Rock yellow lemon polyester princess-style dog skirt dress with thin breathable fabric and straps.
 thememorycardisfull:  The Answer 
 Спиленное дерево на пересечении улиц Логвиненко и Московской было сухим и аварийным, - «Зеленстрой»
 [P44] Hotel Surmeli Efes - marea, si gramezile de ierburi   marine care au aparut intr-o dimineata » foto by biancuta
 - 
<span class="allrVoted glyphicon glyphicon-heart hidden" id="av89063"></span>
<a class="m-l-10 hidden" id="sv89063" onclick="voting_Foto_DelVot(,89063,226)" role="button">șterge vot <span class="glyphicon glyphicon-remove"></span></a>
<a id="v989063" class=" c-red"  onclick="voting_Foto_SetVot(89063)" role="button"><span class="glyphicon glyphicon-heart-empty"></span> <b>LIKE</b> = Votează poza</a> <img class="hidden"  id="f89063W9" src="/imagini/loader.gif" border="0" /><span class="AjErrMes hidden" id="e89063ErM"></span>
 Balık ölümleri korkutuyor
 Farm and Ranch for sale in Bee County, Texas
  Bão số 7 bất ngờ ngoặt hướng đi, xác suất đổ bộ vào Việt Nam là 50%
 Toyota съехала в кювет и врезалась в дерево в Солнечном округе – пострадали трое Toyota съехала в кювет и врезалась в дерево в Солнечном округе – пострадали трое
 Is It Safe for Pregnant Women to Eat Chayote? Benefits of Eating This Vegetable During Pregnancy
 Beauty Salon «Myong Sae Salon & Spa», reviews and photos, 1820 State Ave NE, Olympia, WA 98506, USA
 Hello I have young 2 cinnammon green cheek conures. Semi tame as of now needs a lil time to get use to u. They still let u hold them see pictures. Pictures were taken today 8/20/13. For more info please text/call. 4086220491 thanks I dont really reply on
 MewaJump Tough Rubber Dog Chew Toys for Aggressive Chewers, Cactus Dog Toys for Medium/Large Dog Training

--------

■ Exercise objective
Give back exactly the lines from the one containing "Balık ölümleri korkutuyor" through the end of the listing above, with both ends included and nothing added.

■ Worked solution
 Balık ölümleri korkutuyor
 Farm and Ranch for sale in Bee County, Texas
  Bão số 7 bất ngờ ngoặt hướng đi, xác suất đổ bộ vào Việt Nam là 50%
 Toyota съехала в кювет и врезалась в дерево в Солнечном округе – пострадали трое Toyota съехала в кювет и врезалась в дерево в Солнечном округе – пострадали трое
 Is It Safe for Pregnant Women to Eat Chayote? Benefits of Eating This Vegetable During Pregnancy
 Beauty Salon «Myong Sae Salon & Spa», reviews and photos, 1820 State Ave NE, Olympia, WA 98506, USA
 Hello I have young 2 cinnammon green cheek conures. Semi tame as of now needs a lil time to get use to u. They still let u hold them see pictures. Pictures were taken today 8/20/13. For more info please text/call. 4086220491 thanks I dont really reply on
 MewaJump Tough Rubber Dog Chew Toys for Aggressive Chewers, Cactus Dog Toys for Medium/Large Dog Training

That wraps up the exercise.